The St. Louis Cardinals are in dire need of a fresh perspective in their pitching department, and there have been rumblings that they are interested in bringing in Chaim Bloom, the former Chief Baseball Officer for the Boston Red Sox. Before landing in Boston, Bloom was the Senior Vice President of Baseball Operations for the Tampa Bay Rays, who were among the most innovative teams in baseball during his tenure. The Rays were especially transcendent in how they evaluated and developed pitching, and that would likely be Bloom's primary role if the Cardinals were to hire him.
While Bloom could be extremely valuable in his input on the pitching side, the Cardinals shouldn't put him in a role that expands beyond that.
Bloom's time with the Red Sox was rocky; this article breaks down eight moves (or lack thereof) that purportedly led to Bloom's dismissal, including trading Mookie Betts for an underwhelming return and allowing Xander Bogaerts to become a free agent, replacing him with Trevor Story in what has turned out to be a disastrous signing. While Bloom had the reputation of being a pitching guru in Tampa Bay, his flaws were exposed when he moved to a higher role in Boston.
Bloom's conservative choices at the trade deadline for the Red Sox the past two seasons were not received kindly by the Boston faithful, and he shouldn't persuade the Cardinals front office to stand pat at the deadline.

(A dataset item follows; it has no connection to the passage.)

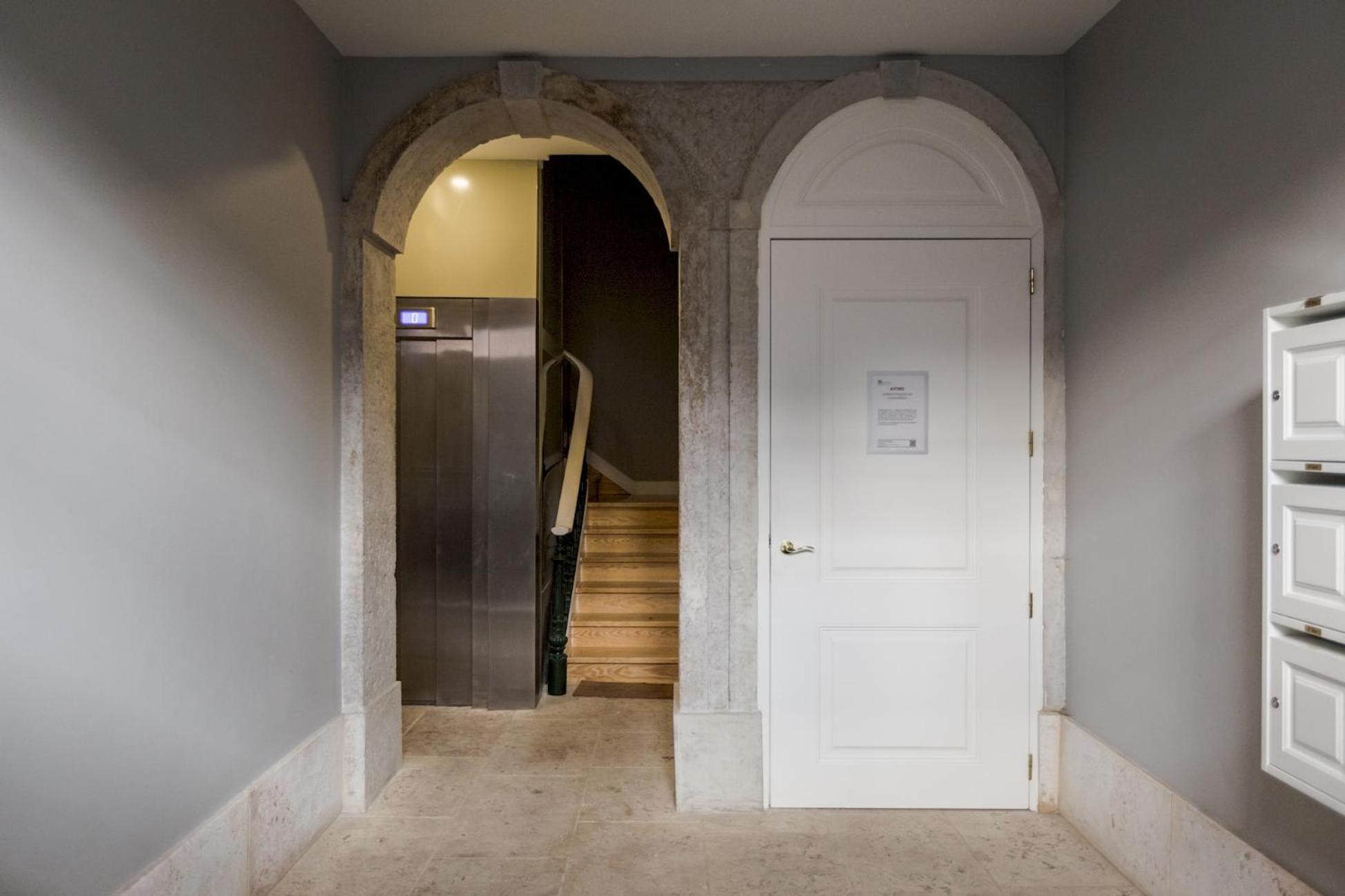Apartment Architectural Gem In Baixa *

The Cardinals are already known as a risk-averse organization, and input from Bloom on the trades and signings front would likely reinforce that philosophy.
Bloom is also not as familiar with the organization as John Mozeliak and company. Mozeliak might receive warranted criticism, but he knows the Cardinals' strengths and their flaws and is thus far more in tune with what the Cardinals' long-term plan is and what they need to do to achieve it.
While Bloom may possess extensive knowledge on pitching and how to develop it, he shouldn't be trusted to make sweeping changes in areas where he might have less expertise, such as in developing offense, where the Cardinals have been quite successful. The idea has been thrown around that Bloom could succeed Mozeliak as President of Baseball Operations after the latter's contract expires after 2025, but it would be a risky venture given Bloom's ill-fated time in Boston.
The Cardinals would be smart to hire Bloom and put him in a role where he has proven that he flourishes, but giving him too much of a say in decisions beyond pitching development could be a colossal mistake.